Andrew, the reason why I'm suggesting that you relax a little is because you've already won. It's like you're stirred up for a fight, and everyone is agreeing with you. You're absolutely right about the leader text. As that comes up on particular articles, someone will take care of it. It could be you, or it could be someone else.
I've already made a definitive statement about the narrative videos, which you can see above: "We shouldn't be screencapping narrative videos." Nobody is suggesting doing this for Fraggle Rock, or for the movies. It's only being discussed for clip shows, where it's appropriate.
So you're not the bad guy at all.

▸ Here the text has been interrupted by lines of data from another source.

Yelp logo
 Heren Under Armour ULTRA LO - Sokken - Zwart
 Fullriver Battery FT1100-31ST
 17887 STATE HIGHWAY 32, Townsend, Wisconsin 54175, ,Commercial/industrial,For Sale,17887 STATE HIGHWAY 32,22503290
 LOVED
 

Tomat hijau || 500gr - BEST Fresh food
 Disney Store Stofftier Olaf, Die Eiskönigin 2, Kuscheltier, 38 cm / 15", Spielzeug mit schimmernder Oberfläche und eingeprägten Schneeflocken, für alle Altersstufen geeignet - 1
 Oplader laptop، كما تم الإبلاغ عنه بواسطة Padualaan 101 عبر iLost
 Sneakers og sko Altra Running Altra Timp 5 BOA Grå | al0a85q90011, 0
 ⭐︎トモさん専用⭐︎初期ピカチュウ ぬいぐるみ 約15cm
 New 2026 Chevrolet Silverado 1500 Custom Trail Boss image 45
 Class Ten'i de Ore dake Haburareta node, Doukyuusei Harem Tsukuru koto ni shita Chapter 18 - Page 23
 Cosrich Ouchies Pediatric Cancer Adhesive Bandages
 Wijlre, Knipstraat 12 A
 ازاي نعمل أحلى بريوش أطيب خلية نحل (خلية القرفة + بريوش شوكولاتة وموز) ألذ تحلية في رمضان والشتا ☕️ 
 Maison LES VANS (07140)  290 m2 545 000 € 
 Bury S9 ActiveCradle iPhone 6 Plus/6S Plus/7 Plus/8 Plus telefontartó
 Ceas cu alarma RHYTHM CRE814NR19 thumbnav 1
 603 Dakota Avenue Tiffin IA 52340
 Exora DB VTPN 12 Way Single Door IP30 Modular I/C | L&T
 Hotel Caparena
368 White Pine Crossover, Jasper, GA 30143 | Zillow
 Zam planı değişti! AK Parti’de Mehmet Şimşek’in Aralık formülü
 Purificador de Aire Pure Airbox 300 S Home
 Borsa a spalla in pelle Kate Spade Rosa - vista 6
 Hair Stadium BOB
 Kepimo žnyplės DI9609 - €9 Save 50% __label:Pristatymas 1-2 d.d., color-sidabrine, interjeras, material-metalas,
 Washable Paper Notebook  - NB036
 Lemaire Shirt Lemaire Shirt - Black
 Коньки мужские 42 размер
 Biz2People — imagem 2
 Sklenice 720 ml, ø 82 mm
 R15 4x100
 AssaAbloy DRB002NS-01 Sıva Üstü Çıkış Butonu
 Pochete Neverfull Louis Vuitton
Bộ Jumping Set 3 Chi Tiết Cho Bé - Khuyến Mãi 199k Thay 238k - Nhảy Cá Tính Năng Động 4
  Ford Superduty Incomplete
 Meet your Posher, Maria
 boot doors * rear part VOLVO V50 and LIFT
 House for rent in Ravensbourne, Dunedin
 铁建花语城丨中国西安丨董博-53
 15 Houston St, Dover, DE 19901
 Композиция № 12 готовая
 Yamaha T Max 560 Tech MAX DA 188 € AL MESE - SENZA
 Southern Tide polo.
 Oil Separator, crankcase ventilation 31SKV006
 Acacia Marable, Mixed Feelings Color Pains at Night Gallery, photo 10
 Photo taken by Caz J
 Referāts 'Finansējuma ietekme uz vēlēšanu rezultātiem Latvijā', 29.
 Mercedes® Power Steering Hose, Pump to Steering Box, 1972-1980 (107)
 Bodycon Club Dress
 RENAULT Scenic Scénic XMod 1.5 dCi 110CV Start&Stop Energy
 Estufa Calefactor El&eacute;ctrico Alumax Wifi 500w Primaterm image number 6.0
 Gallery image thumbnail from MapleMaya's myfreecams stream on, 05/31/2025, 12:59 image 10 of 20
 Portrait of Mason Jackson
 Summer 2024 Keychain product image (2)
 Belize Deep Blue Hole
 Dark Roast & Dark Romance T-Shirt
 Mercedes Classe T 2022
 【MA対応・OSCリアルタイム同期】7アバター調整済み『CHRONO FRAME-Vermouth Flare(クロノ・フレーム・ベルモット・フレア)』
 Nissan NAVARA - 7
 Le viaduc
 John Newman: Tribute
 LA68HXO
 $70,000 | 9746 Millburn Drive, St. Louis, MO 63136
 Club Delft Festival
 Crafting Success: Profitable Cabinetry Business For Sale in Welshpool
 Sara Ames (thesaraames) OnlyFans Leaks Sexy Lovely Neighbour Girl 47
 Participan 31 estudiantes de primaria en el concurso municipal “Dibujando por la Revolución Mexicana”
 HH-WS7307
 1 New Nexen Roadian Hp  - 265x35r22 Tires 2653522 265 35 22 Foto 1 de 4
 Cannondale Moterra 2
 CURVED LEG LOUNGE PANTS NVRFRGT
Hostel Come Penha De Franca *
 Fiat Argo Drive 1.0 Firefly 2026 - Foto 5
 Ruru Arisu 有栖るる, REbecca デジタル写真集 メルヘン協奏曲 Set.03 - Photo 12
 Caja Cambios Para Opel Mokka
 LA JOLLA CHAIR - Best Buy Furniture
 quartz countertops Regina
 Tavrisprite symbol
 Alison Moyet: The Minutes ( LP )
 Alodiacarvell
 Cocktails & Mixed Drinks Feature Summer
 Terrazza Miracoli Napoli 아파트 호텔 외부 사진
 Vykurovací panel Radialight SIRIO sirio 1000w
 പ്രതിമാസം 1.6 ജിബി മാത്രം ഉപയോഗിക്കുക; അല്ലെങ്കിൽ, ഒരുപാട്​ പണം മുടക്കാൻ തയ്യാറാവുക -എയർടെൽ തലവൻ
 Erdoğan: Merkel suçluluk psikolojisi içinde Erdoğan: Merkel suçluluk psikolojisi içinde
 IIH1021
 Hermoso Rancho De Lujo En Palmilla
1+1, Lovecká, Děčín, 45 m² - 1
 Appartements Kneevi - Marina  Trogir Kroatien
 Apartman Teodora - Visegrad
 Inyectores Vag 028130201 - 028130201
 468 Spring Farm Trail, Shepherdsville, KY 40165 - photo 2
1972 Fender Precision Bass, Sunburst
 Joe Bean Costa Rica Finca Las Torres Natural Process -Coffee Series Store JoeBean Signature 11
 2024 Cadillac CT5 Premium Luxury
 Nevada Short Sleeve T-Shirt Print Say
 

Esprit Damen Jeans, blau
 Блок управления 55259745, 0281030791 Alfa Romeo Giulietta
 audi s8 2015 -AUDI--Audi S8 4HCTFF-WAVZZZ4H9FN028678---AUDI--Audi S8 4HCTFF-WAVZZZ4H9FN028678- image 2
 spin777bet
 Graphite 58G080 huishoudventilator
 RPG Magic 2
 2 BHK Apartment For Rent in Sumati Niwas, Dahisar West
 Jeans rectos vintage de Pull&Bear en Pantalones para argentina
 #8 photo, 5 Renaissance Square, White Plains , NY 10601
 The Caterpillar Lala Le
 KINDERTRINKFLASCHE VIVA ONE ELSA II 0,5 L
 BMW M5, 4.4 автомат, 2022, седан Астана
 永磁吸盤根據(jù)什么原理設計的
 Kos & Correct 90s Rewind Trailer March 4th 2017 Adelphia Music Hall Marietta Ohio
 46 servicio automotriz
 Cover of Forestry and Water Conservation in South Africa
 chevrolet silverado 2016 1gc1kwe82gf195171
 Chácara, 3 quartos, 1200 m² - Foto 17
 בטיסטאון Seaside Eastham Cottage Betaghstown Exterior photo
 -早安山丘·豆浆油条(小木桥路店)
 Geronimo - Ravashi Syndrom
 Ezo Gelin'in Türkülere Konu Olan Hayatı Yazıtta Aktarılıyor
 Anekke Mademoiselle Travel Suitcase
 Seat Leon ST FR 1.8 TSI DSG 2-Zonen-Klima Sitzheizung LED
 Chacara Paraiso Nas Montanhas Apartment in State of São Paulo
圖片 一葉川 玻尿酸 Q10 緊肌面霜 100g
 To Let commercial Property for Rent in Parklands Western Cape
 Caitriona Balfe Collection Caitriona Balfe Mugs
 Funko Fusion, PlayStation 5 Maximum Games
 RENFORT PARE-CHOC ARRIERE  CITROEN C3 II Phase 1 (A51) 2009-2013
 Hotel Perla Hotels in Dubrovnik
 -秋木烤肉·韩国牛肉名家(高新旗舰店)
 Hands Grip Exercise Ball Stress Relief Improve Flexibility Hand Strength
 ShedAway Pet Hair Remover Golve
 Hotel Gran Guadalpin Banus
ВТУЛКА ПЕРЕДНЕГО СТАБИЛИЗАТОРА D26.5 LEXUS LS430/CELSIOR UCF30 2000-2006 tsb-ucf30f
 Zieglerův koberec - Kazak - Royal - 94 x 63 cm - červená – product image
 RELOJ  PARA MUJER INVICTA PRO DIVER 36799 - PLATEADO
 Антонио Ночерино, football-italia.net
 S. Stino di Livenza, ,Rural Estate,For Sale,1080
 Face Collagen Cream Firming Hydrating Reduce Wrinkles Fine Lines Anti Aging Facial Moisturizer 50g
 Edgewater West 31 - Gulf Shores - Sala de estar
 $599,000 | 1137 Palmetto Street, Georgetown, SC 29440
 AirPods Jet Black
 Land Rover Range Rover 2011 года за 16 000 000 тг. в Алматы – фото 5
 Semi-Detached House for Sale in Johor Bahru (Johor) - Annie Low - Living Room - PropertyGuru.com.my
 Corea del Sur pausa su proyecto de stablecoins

I just think if you take a step back, you'll see that everyone is agreeing with you, and everything is fine. -- Danny@fandom (talk) 06:31, 11 April 2008 (UTC)
I just added a chart to The Alphabet Game, this time adding more opening text describing the majority of video plot (and making the video cover image a bit smaller), and then adding a chart for all of the inserts. One thing that might be good about making charts is that somebody might looka t a page, see what skits are included, and see an image of a skit that person wanted to see again, leading to a sale (if that person can find a copy of the video), something that might not happen if that person just saw the old sketch listings and didn't click on any bluelinks or eka links. And as for references to grover talking to "a girl" in The Best of Kermit on Sesame Street, no, he doens't refer to her or the boy by name (they are only listed by name in the credits). --Minor muppetz 14:07, 11 April 2008 (UTC)
I think The Alphabet Game looks great. The synopsis is very helpful -- I've never seen the video, and it's not likely that I ever will, so it's nice to have a detailed summary of the story. Since the table only talks about the segments, it's informative, without being repetitive like Andrew was concerned about. This works for me. -- Danny@fandom (talk) 14:24, 11 April 2008 (UTC)
Yeah, that's absolutely perfect, without any of the problems. This would make a good model. -- Andrew Leal (talk) 17:56, 11 April 2008 (UTC)
I've recently made charts for The Best of Ernie and Bert and Sing-Along Earth Songs (which I think a full scene-by-scene chart might be useful for). Some of these took a long time to make images for, and some a short time. I'm surprised by how long it took me to make a chart for The Best of Ernie and Bert (and I didn't even include charts for every scene, and all of the images come from other places on the wiki). But regarding the top spacing issue, if we can't fill that section with enough opening text, maybe we can include the video credits at the top of the page, as opposed to the bottom. --Minor muppetz 21:57, 11 April 2008 (UTC)
That is what i was talking about all along. I like how everyone of these videos are presented on their pages. You all read my mind. Thanks for reading my mind. Can't wait to start working on these videos/DVDs. -- Kyle (talk) 10:52, 11 April 2008 (UTC)

Sidebar menus

Hi folks -- In our discussion about Google ranking and links last week, we decided to take out the flyout menus from the sidebar. This weekend, I looked at the statistics for what gets clicked on, and I found that we were wrong -- the flyout menus are helpful. I have a lot of details on this, but the basic conclusions are:

  • Logged-in users never use the sidebar; we have other ways of getting around the site.
  • Anonymous readers (which is 90%+ of our traffic) use the flyout menus a lot -- and the menus really help to bring new readers deeper into the content on the site. In the week without the menus, the sidebar didn't get clicked on as much, and anonymous readers were more likely to leave the site -- our "exit rate" went up significantly.
  • Our pageviews went down during the week with no flyouts. The number of unique visitors actually went up last week, but the visitors didn't stick around to explore the site.
  • During the week with no flyouts, anonymous readers used the search box to find the same kind of items that were in the menus -- Muppet Show characters, Sesame Street characters, and episode guides.
  • There were relatively few clicks and searches on the Fraggle Rock items.
  • The one area that benefited from no flyouts was the "Community" flyout. Very few people clicked on the items in the Community menu -- even logged-in users. When Current events and Active talk pages were split out as separate sidebar items, the click rate increased a lot, for both anonymous and logged-in. The other two items in the Community menu (Things you can do and User statistics) got almost no clicks.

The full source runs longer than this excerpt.